Hiram College

This past week, students from Greater Cleveland participated in a pilot program at Hiram College to help prepare them for the demands of high school and begin considering the idea of college.

Run by College Now, an organization that provides students with guidance and access to funds to prepare for college, the four-day program focused on three ideas: academics, high school survival and college preparation. Thirty-five rising ninth grade  students from Wilbur Wright Elementary School in Cleveland, Heritage Middle School in East Cleveland and Shaker Heights Schools, attended.

In addition to completing career assessments to help them outline interests and goals, Hiram faculty and staff led activities and gave presentations about different areas of study, including biology and environmental studies, nursing, physics and culinary arts.

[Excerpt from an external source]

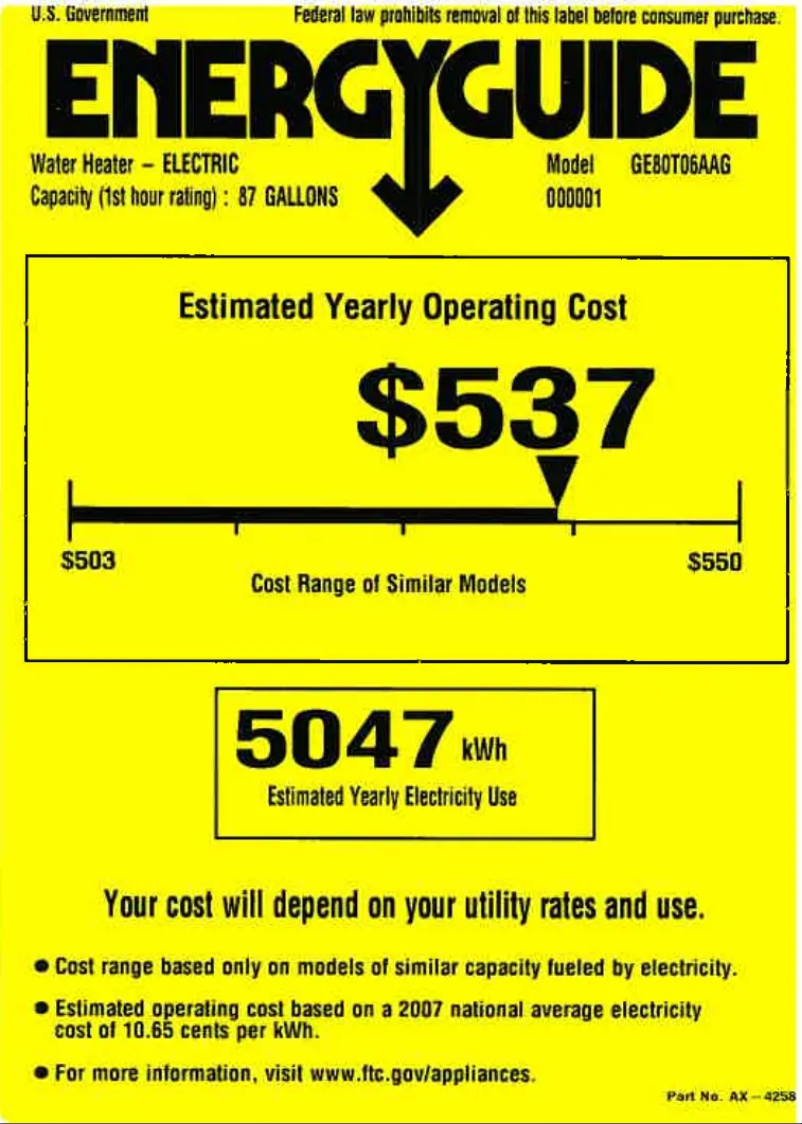 Page 1 de la notice Label énergétique GE GE80T06AAG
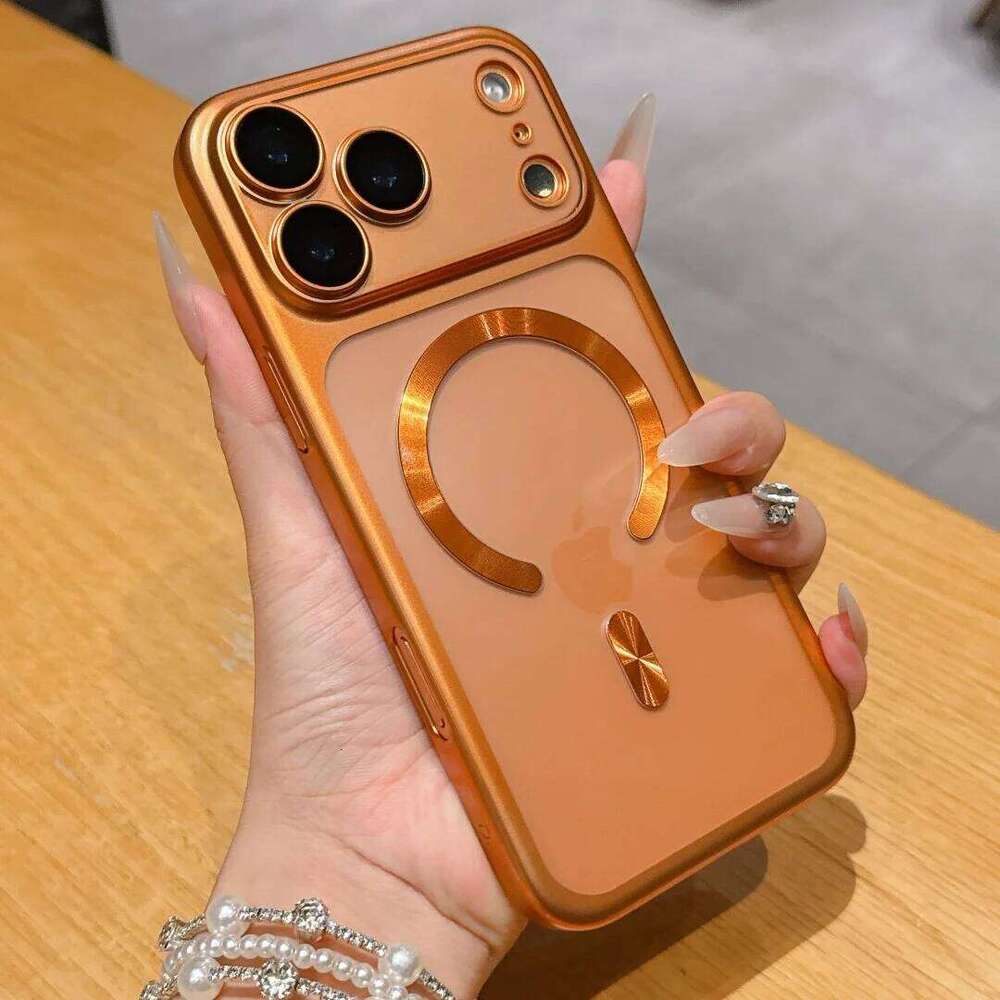 New Plating Matte Clear Phone Case iPhone 17Air 16 15 17 Pro Max For Wireless Charging Glass Lens Film Protect Cover H260305-image-1096443184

On Tuesday, June 14, Matt Sorrick, director of the Center for Science Education, led the students in a data collection activity at the James H. Barrow Biological Field Station. See below for a description of their experience. A full set of photos is available on Flickr.

After a presentation on forest development and growth, the students head into the woods to use what they’ve just learned.

On the trail, a Hiram student worker from the Field Station shows the group a tiny toad, which has likely just emerged from the water.

Students measure the width of the trees and the distance from a common point, to get a sample of the trees’ size. Students  record their findings, according to a model explained to them by Matt Sorrick, director of the Center for Science Education.

After the students noticed a distinct smell in the woods, Sorrick explained that wild onions grow in the forest.

Students take turns holding a grown-up toad, which they found living in the forest.